Réduire les inégalités sociales
Les revendications actuelles concernent les conditions sociales dans lesquelles vivent les autochtones, avec leurs conséquences parfois dramatiques. Suicides, taux d’incarcération élevés, chômage et analphabétisme, « tous les indicateurs sociaux sont plus mauvais dans ces régions-là qu’ailleurs », note Mme Bousquet. Pour elle, le gouvernement fédéral doit investir dans des écoles et des lieux culturels pour permettre aux Premières nations de s’ouvrir sur le monde. « Mais il ne suffit pas de leur construire de beaux bâtiments, il faut aussi les nourrir et les chauffer pour qu’ils réussissent », poursuit-elle.
Selon Mme Bousquet, les communautés ont aussi des difficultés à emprunter de l’argent à des banques pour ouvrir des commerces, négocier avec des entreprises minières ou développer le tourisme. Ces freins, couplés aux distances géographiques avec les villes, n’aident pas leur essor. « Ils ont d’énormes ressources environnementales et culturelles, mais qu’est-ce qu’elles sont loin! », note Mme Bousquet.
Éduquer l’opinion publique
Les réseaux sociaux jouent un rôle non négligeable dans la profusion du mouvement Idle No More à travers le Canada, ce qui l’aide à gagner en visibilité et en notoriété. Mais pour Mme Bousquet, les citoyens canadiens ne connaissent pas l’histoire de leur pays ni la culture de ces peuples, ce qui ralentit leur implication dans le mouvement. « Les personnes issues de communautés autochtones sont des gens comme vous et moi, ordinaires, normaux, mais qui souffrent du reliquat de la colonisation interne ». D’après l’experte, ces peuples portent les conséquences aujourd’hui des migrations sociales d’hier. Elle souhaite que l’opinion publique « change de regard sur ces communautés ».

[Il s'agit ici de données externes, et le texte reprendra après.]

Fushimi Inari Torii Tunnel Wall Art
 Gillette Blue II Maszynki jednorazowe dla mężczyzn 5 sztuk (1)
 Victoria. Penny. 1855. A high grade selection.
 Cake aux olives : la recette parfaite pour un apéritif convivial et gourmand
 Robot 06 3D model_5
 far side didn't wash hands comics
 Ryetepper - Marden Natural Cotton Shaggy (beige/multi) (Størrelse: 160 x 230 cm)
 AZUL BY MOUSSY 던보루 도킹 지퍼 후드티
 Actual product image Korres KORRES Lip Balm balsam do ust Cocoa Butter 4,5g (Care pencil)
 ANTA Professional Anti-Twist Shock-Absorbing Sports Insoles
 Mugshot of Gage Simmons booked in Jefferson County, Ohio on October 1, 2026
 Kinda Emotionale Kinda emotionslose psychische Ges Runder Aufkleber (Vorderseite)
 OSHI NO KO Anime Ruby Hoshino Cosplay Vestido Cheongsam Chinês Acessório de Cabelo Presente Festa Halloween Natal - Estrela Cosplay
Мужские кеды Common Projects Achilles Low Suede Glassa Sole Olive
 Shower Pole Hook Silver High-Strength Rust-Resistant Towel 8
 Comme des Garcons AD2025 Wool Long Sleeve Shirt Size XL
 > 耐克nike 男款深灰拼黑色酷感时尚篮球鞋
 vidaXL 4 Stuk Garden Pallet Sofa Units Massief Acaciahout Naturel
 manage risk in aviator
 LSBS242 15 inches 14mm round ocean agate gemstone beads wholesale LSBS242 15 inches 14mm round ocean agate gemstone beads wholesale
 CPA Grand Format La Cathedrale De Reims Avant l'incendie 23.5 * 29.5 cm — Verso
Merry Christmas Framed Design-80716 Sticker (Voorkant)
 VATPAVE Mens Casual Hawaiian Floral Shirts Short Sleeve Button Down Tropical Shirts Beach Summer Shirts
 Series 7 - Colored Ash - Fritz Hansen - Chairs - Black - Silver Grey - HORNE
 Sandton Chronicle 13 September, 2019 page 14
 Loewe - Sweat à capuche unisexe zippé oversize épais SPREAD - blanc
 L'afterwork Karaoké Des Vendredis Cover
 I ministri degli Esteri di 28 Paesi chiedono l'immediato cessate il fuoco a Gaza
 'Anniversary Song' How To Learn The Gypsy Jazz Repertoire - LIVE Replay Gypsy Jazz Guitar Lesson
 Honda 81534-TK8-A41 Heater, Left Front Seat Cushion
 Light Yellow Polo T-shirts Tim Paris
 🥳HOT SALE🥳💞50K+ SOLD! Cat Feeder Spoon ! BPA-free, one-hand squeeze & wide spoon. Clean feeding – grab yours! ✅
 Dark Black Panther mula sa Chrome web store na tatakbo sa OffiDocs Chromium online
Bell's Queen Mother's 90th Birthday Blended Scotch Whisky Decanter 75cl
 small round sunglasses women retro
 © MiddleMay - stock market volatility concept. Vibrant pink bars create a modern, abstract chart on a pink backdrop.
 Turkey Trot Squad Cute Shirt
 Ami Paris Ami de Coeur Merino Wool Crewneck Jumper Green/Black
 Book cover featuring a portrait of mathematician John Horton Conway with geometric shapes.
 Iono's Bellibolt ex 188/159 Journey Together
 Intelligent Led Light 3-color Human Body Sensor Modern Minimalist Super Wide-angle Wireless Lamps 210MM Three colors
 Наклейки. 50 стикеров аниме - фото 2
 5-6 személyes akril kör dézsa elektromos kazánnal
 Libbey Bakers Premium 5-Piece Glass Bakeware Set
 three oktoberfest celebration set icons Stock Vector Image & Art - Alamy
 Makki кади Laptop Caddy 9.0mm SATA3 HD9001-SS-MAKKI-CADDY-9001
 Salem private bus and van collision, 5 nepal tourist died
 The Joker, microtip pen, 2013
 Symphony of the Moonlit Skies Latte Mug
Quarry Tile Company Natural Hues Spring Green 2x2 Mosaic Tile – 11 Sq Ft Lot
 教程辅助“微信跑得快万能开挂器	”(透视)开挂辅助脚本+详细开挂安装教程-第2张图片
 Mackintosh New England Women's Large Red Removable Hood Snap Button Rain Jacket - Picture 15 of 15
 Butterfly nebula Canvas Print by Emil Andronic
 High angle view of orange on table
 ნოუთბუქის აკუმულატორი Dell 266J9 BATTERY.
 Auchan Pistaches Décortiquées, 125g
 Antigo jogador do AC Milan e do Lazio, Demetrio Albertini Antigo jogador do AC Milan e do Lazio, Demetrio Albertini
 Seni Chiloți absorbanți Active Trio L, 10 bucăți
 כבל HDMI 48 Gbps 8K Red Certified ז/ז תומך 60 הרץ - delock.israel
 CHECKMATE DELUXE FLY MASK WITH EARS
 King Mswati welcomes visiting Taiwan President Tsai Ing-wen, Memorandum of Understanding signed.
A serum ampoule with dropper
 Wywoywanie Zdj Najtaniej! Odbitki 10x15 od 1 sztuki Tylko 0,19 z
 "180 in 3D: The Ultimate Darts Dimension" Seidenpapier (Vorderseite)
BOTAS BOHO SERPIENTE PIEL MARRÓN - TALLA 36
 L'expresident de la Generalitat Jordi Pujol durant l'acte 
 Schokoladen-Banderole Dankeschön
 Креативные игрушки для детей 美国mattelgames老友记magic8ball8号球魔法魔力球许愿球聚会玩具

Elle espère aussi « qu’au moins, ces mobilisations donnent un cours d’histoire aux canadiens ». Elle affirme aussi qu’il faut d’abord combattre l’ignorance générale pour mobiliser l’opinion publique: « Je suis certaine que beaucoup plus de citoyens s’indigneraient de cette situation s’ils connaissaient vraiment l’histoire des autochtones et des difficultés qu’ils ont à se sortir de la pauvreté dans laquelle ils sont plongés », conclut-elle.